Training slow down as epoch progress

I have define some variables inside forward pass. Input is 3-dimension and its different channel is assigned to the different variable.

One channel is assigned as self.channel_1=self.input[:,0,:,:]

Second and third channel is assigned after initialization like below.
self.channel_2 = torch.ones(1,1,256,256).to(self.device)
self.channel_3 = torch.ones(1,1,256,256).to(self.device)

self.channel_2 = self.input[0,1,:,:]
self.channel_3= self.input[0,2,:,:]

As epoch is progressed, training slow down.

(1) What is the difference between two assignment above? Is it the cause of slow down?
(2) Can i use “torch.cuda.empty_cache()” at end of epoch to speed up next epoch?

I am using torch 1.4.0.

  1. I’m not sure which difference you are pointing to.

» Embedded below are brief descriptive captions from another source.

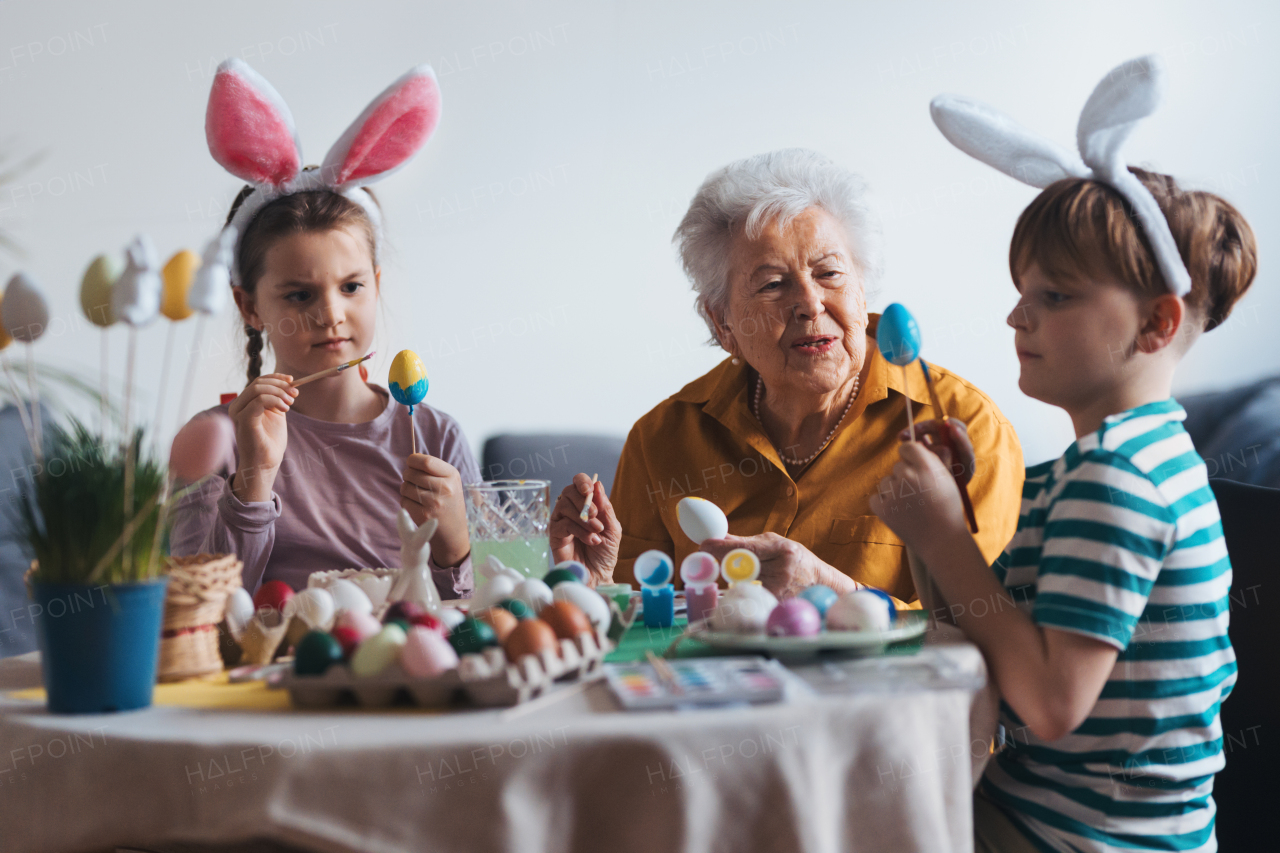 Grandmother with little kids decorating easter eggs at home. Tradition of painting eggs with brush and easter egg dye. Concept of family easter holidays.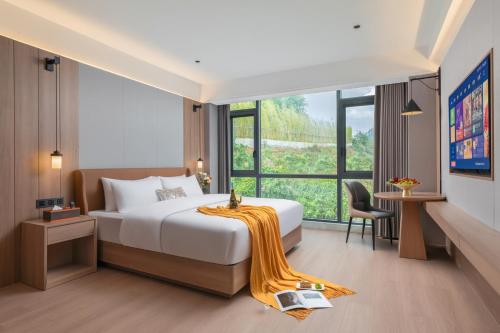 Imagen de la habitación del Hotel Fenghuang Allin Forest Hot Spring International. Foto 19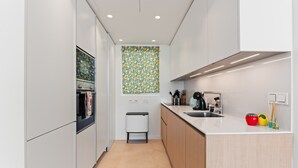 A modern kitchen with white cabinets, a countertop, a sink, and a trash bin.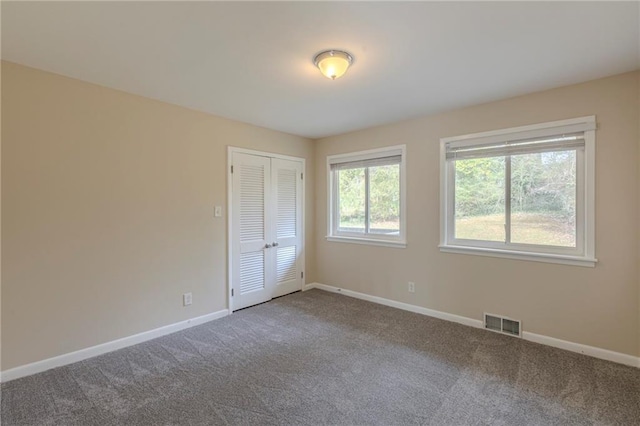 unfurnished bedroom featuring carpet flooring and a closet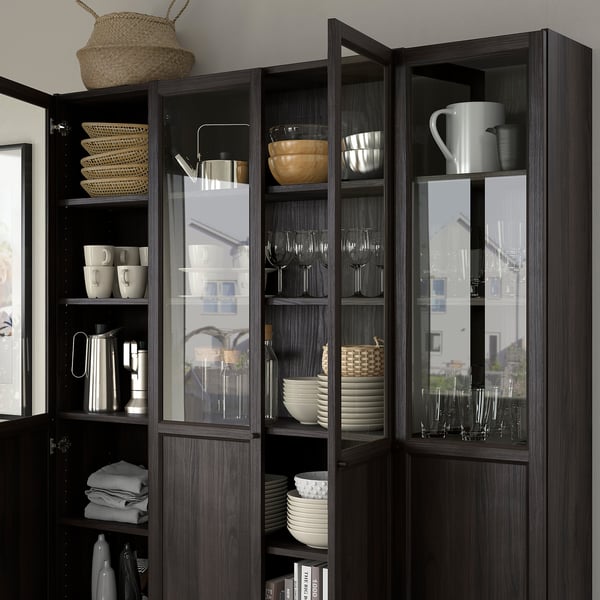 Dark wood BILLY bookcase with glass doors displaying dishes, cups, and glasses neatly organized on multiple shelves.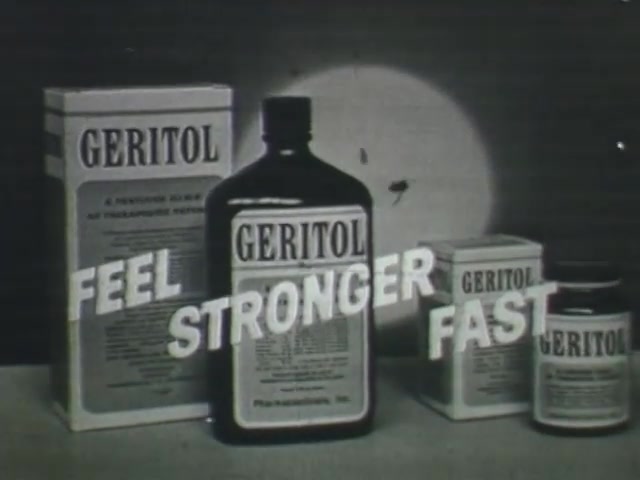 The still features a vintage Geritol commercial from the 1950s, prominently displaying various Geritol products: a large bottle, boxes, and smaller containers. The bold, compelling text reads 'FEEL STRONGER FAST,' emphasizing the product's benefits. The monochrome aesthetic is typical of the era, enhancing the nostalgic feel of mid-20th-century advertising. The arrangement suggests a focus on health and vitality, common themes in commercials from that time period.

But the issue sounds as if you are storing the computation graph in each iterations, which could slow down your code and would also be visible in an increasing memory usage.

  2. No, torch.cuda.empty_cache() will potentially only slow down your code further since synchronizing cudaMalloc calls would be needed to re-allocate the memory, and won’t save any memory.

torch.ones(1,1,256,256).to(self.device) is not created for “self.channel_1” before assignment while for “self.channel_2” and “self.channel_3” it is created before assignment.

Thanks for explaining this.
You could directly pass the device to the tensor creation: torch.ones(size, device=device), which might be faster than creating these values on the CPU and push them to the GPU.
Were you able to check the memory usage and did you see an increased usage?